Universität des Saarlandes FR 6.2 - Informatik Prof. Dr. W.J. Paul Dipl.-Ing. Christoph Baumann

Exercise Sheet 6 Computer Architecture II (Due: Dec 2th, 2013)



(5 Points)

## Exercise 1: (Optimized FDselect Circuit)

Figure 1 shows the FDSELECT circuit of the Multiply/Divide Unit in our FPU. In the lecture we discovered that  $E = \lfloor f_a \cdot x \rfloor_{p+1}$  can actually be represented with p+2 bits. This influences the length of  $E_b$ , too.
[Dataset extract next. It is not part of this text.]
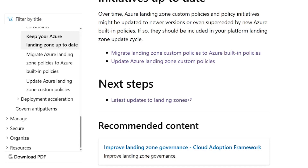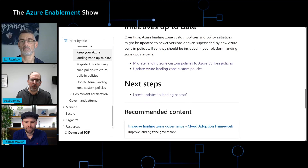Depending on the outcome of the drift detection, we have provided guidance on how to migrate to built-in policies or update to the latest version of an Azure Landing Zone custom policy. In addition, we have documentation coming up which describes why you would want to use infrastructure as code to keep Azure Landing Zone up to date, which will be released shortly.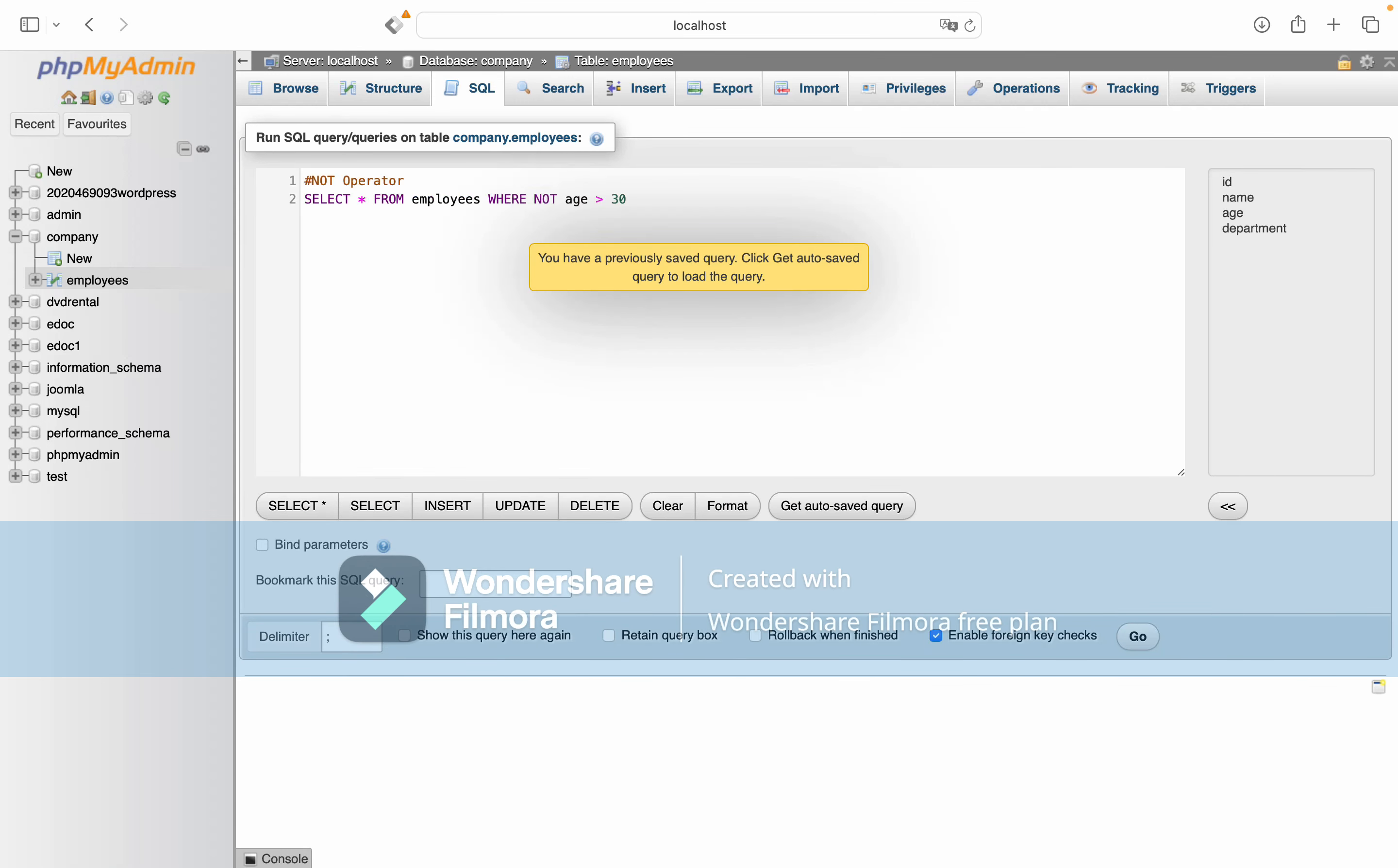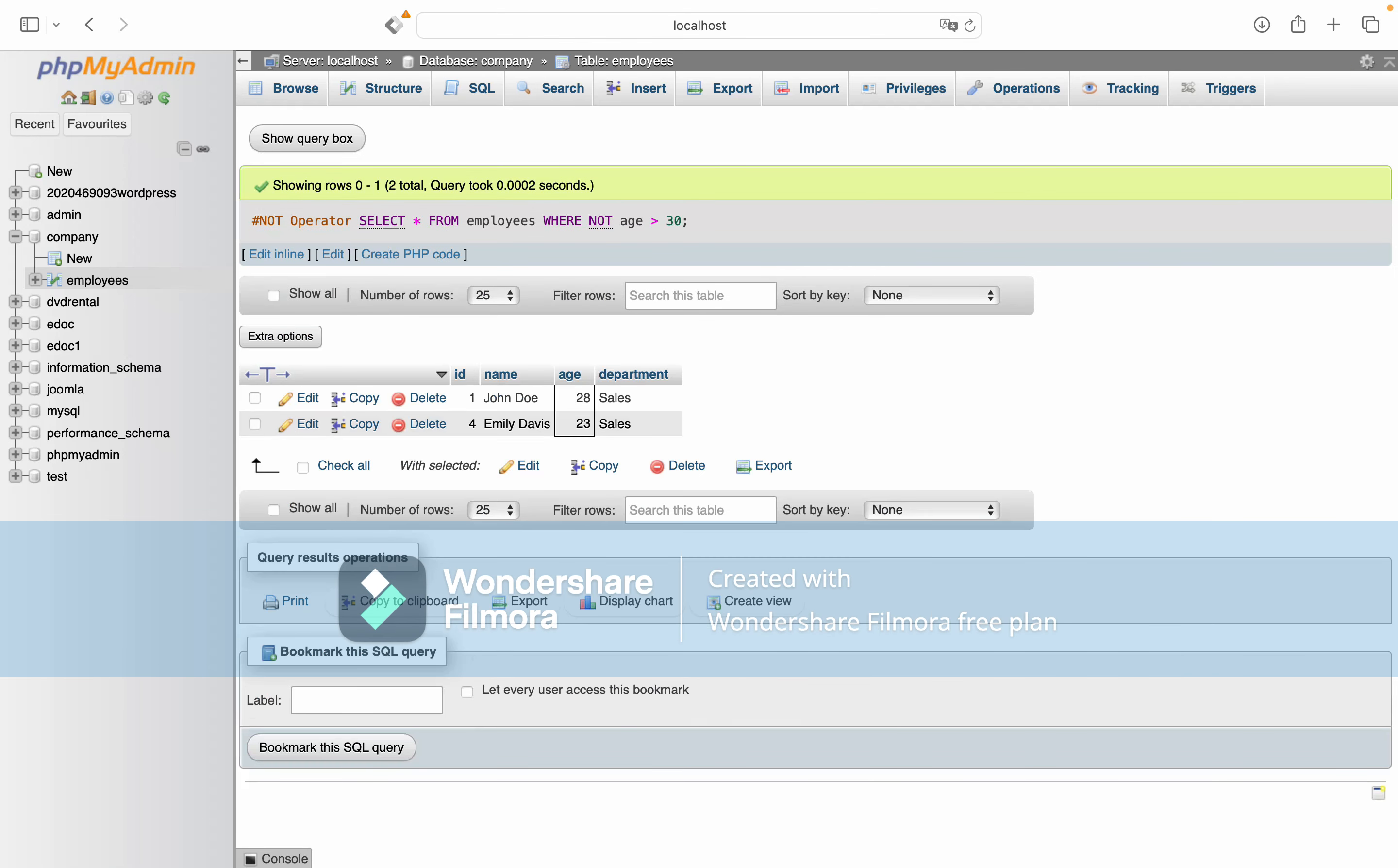The NOT operator negates a condition. The result shows employees who are 30 or younger.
Additionally  $D_a$  and  $D_b$  just store pipelined copies of the unpacked and normalized significands  $f_a$  and  $f_b$ . Consequently FDSELECT contains superfluous data lines and gates. Give a short summary which circuitry can be omitted and construct a corresponding optimized version of FDSELECT!



Figure 1: The FDSELECT circuit selecting the correct significand for the quotient in the Multiply/Divide unit (taken from *Computer Architecture*, S. M. Müller, W. J. Paul, Springer 2000)

### **Exercise 2:** (Division Pipeline Optimization)

#### (5+5 Points)

In the lecture it was noted that the multiplier in the Multiply/Divide unit actually only needs width 58 for the computation of E. All other multiplications in the division algorithm can be implemented with less bits. In the following we want to use this insight to optimize the delay of the division significant computation. Let p = 53 and  $\gamma = 8$ .

a) In the current algorithm we always use the same  $\sigma$  for all computations. Instead we could have individual  $\sigma_i$  for each iteration  $i \ge 0$ . Then we have  $\sigma_2 = 57$ . Find one pair of values for  $(\sigma_0, \sigma_1)$ , such that  $\sigma_0 + \sigma_1 \le 50$  and  $\delta_3 < 2^{-(p+2)}$ ! Prove your claim!

b) At the moment the significand of the quotient is computed by iterating a loop several times. Imagine that we would unroll this loop and compute every multiplication in a dedicated pipeline stage. Then we could optimize the width of the individual multiplication trees and adders. Using your results from a) calculate the minimal bit widths of these circuits for the computation of  $z_i$ ,  $x_{i+1}$ , E and  $E_b$  with  $i \in [0:2]$ ! Also list for each of the stages which signals should be connected to inputs a and b of the multiplier!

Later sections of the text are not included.